No Booze Required! 10 Things to Do Sober in New Orleans

From hurricanes to hand-grenades, sazeracs and go-cups, there is no shortage of places to grab a great drink in New Orleans. However, there is also plenty to do outside the booze soaked streets of the French Quarter to help you get into the New Orleans spirit. Here is a list of some of our favorite things to do between drive-through daiquiri stands:

Jonathan ticklin’ a baby gator on the swamp boat tour.

1. Swamp Boat Tour – While it might be super touristy, it’s also a ton of fun. We got tickets for Airboat Adventures and had an absolute blast. They arrange for a shuttle to come and pick you up and bring you out to the swamps. You can choose between a 6-8 passenger boat or 15-27 passenger boat (the more people, the lower the price). Not only is this a great, high speed ride, you also get a beautiful view of the South Louisiana Bayous and New Orleans Swamps. Encased in cypress trees, this 20,000 acre tour of tidewater swamp offers a majestic view of the nature that surrounds New Orleans. The guides are well seasoned and have scouting out alligators down to a science, sharing a marshmallow or two with them from a stick up on the boat. You’ll also get a chance to see snakes, turtles, and in our case a few hawks. You may even get the chance to hold a baby gator! We hitched a ride on one of the Jean Lafitte Swamp Tour boats and had a great time!

Post kayak trip.

2. Kayak Swamp Tour – If you’re up for a little exercise and can keep your fear of spiders at bay, this is a great way to get up close and personal with the Louisiana Swamps. We took a tour with New Orleans Kayak Swamp Tours to Honey Island Swamp. The waters are calm, so no worries if you aren’t an expert kayaker. We decided to take the “Funky Swamp” tour in a 2-seater kayak together since some of the nooks and crannies of the swamp can be a little difficult to navigate. The guides are super knowledgeable and can tell you just about everything about the swamp from the types of vegetation you’ll see to the critters in the water. Keep an eye out for alligators and steer clear of the trees–there are giant tree jumping tree spiders on them!

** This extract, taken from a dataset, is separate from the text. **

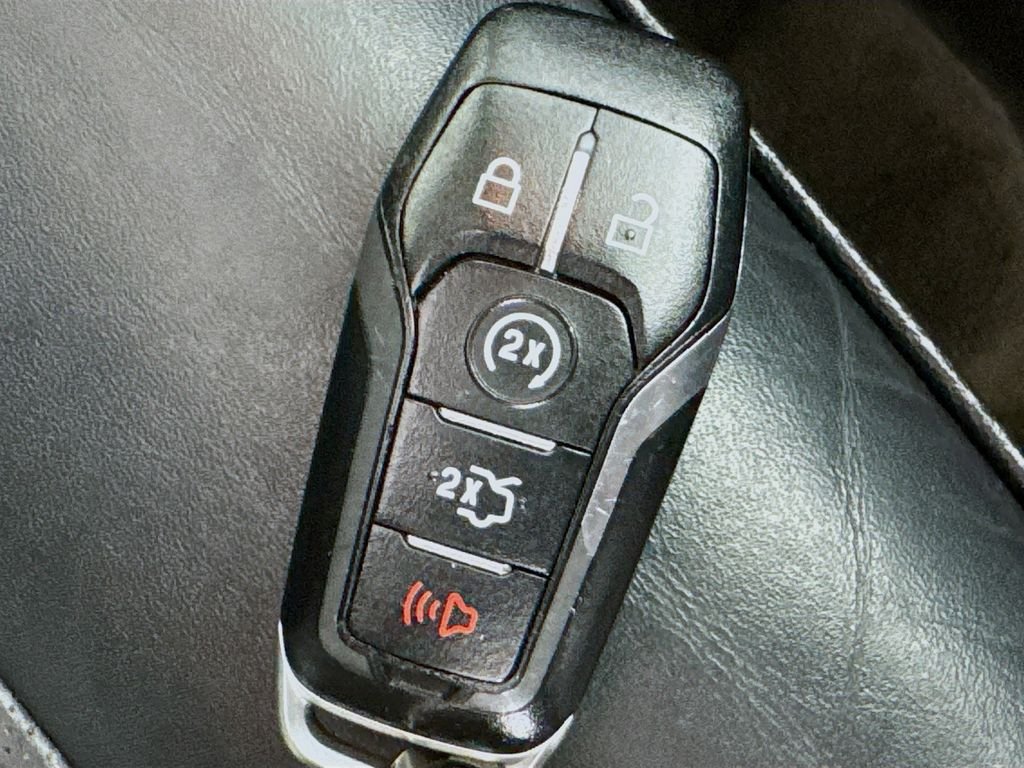 Used 2017 Shadow Black Ford Platinum image 40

3. Shopping on Magazine – From Jackson to Jefferson and everywhere in between, there are tons of shops to check out along Magazine Street. You’ll find small boutiques with designer clothes and high price tags (Hemline, Lucy Rose) , to costume shops (Uptown Costume & Dancewear), record stores (Peaches Records ), art galleries, consignment stores (Funky Monkey) and pawn shops (Magazine Street Pawn Shop). Whether you’re looking for a gift or a little something for yourself, there’s something for everyone on Magazine Street. Jonathan bought himself a trumpet at the pawn shop, but still hasn’t quite gotten the hang of it…

Brandi cookin’ up crepes in our class.

4. Cooking Class – We did our fair share of eating in New Orleans and wanted to learn how to recreate some of our favorite dishes after we left. New Orleans Cooking School of Cooking, conveniently located in the French Quarter, offers up hands-on cooking classes, open demonstrations and group demonstrations. We opted for the hands-on class and learned how to make andouille sausage gumbo, bbq shrimp and grits, bananas foster crepes and pralines. The demo was informative, fun and we got to eat all the delicious food we cooked up. It’s all about the roux!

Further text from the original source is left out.